Located 20 miles northeast of Safford in Graham and Greenlee counties, the 23,000-acre Gila Box Riparian National Conservation Area contains four perennial waterways—the Gila and San Francisco rivers and Bonita and Eagle creeks—which are the lifeline to an extensive riparian ecosystem abounding with a diverse plant and animal community. A canyon section, known as the Gila Box, is composed of patchy mesquite woodlands, mature cottonwoods, sandy beaches, and grand buff-colored cliffs.
Cliff dwellings, historic homesteads, Rocky Mountain bighorn sheep and over 200 species of birds make this year-round watery desert refuge worth the short drive from Safford.
This region is a very special riparian ecosystem abounding with plant and animal diversity. Impressive Gila Conglomerate cliffs tower more than 1,000 feet above the Gila River, and bighorn sheep are commonly spotted.
Canoeing, kayaking, and rafting enthusiasts take advantage of the spring runoff to enjoy an easy to moderately difficult floating adventure down the Gila.

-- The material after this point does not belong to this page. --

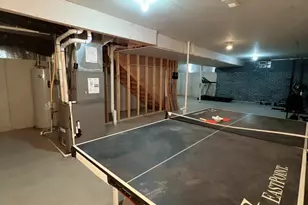 7418 Rum Cay Ln, Reynoldsburg, OH 43068 - Photo 21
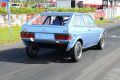 17º Racha Guaporé RS - 2015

Numerous prehistoric and historical structures can be viewed. A network of primitive roads provides hours of backcountry adventure for four-wheel-drive and mountain bike trekkers.
Fees are charged at two developed campgrounds, Riverview and Owl Creek. Use of the Flying W Group Day Use Picnic Area is free of charge, but can be reserved for a fee. Those floating the river also pay a permit fee. Check with BLM for up-to-date road conditions. The conservation area is open year-round. Summer temperatures can be extremely hot, and some winter days quite cold. Flooding may occur during winter and summer rainy seasons, as well as during spring runoff.